Uit persoonlijke ervaring kan ik vertellen dat er lang kan worden gesproken over zogenaamde ‘punten en komma’s’ die voor de standaard minder belangrijk zijn dan voor de bedrijven die erbij betrokken zijn. Of dat een partner de poot stijf houdt met betrekking tot een bepaalde functionaliteit die de rest wel wil. Uiteindelijk wordt er water bij de wijn gedaan en komt er een standaard uit waar men het over eens is.
Eerste Matter-devices
De eerste apparaten die Matter ondersteunen zijn:
- Lighting & Electrical
- HVAC Control
- Controllers & Bridges
- TV & Media Devices
- Blinds & Shades
- Security Sensors
- Door locks
- Software Components & Applications
Uit deze categorieën toonden leveranciers tijdens het introductie-evenement een aantal devices. Er zijn in totaal al meer dan honderd certificeringen uitgegeven. Dat aantal zal de komende maanden sterk toenemen. Tijdens de introductie stond onder andere Netatmo (onderdeel van Legrand) er met een Matter Deur en Occupancy Sensor.
Horizon?
In een volgende iteratie (gepland twee keer per jaar) komt er ook Matter-ondersteuning voor:
- Camera’s
- Robot Vacuums
- White Goods/Appliances
- Access Points
- Energy Management
- Closure Sensors
- Environmental Sensing & Control
- Smoke & Carbon Monoxide Detectors
- Ambient Motion and Presence Sensing
Waardoor Matter eigenlijk al een groot gedeelte dekt van de internet of things (iot) smart home-wereld. Het is wel duidelijk dat Matter zich echt richt op het domein van de consumentenelektronica. Een standaard voor de industrie staat nog niet op de horizon. Dit is aan partners om ook voor deze groep van devices een standaardisatie te starten.

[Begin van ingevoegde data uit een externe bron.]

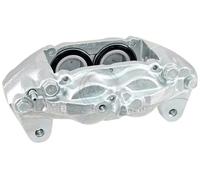 Pinza Freno Anteriore Destra A.B.S. Per TOYOTA LAND CRUISER 200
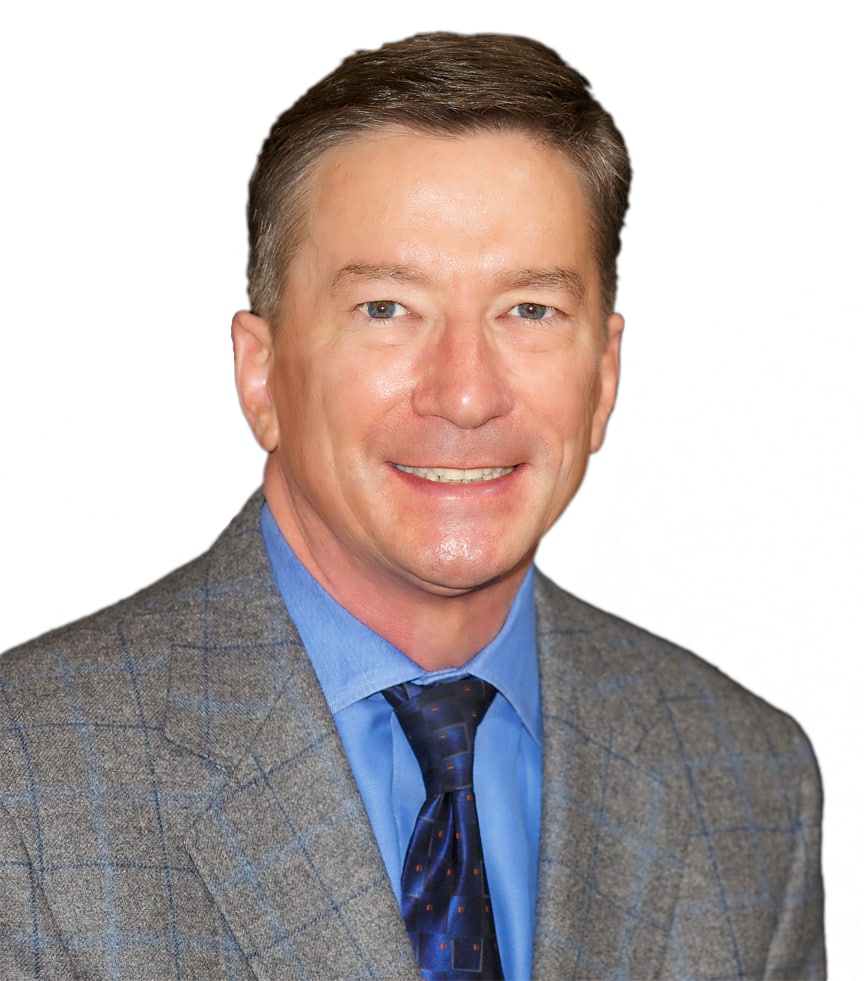 Dr. Jennifer B. Soep, MD Aurora, CO Rheumatology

Gezien de leden van de CSA is dit niet ondenkbaar omdat ook in de industrie de kernelementen van Matter, – veilig (secure), simpel en interoperabel -, zeer wenselijk zijn. Het domein is echter anders, niet alleen door de industriële achtergrond maar ook door de vele legacy devices die nog steeds in gebruik zijn. Het zou mijns inziens ook voor de industrie een waardevolle toevoeging zijn.
Negenhonderd pagina’s specificaties
De specificaties zijn al meer dan vierduizend keer gedownload sinds de release van de standaard. Het hoofddocument is bijna negenhonderd pagina’s en het leest niet als een spannend jongensboek, maar als een specificatie van een standaard. Taaie kost voor een consument, maar verplichte kost als je jouw devices Matter-compliant wil maken als bedrijf.
Er is een video (zie hieronder) gemaakt over wat Matter is en inhoudt. Maar liefst zes minuten lang, maar de moeite waard om te kijken. De kernwaarde ‘simpel en interoperabel’ komt er goed in uit. Met name dat Matter werkt en simpel is! Niet alleen voor de techneuten. Niet alleen controle via een app maar ook een smart speaker, tv en zo voort. Matter wil eigenlijk alle middleware-oplossingen overbodig maken.
Hoe werkt Matter?
Matter is een softwarelaag die interoperabiliteit garandeert maar ook samen werkt met oudere protocollen. Zo wordt voor de connectie met apparaten gebruikt gemaakt van Wifi, Thead, Bluetooth Low Energy en Ethernet. Het is geen vervanging van het huidige smarthome platform omdat de belangrijke partijen (Apple/Google) het ondersteunen. Maar er zullen ook specifieke Matter-devices worden uitgebracht die gebruik maken van dit platform. Devices hebben een IPv6-adres wat wordt gebruikt in de communicatie. Vanuit de architectuur ziet het er zo uit (zie plaatje).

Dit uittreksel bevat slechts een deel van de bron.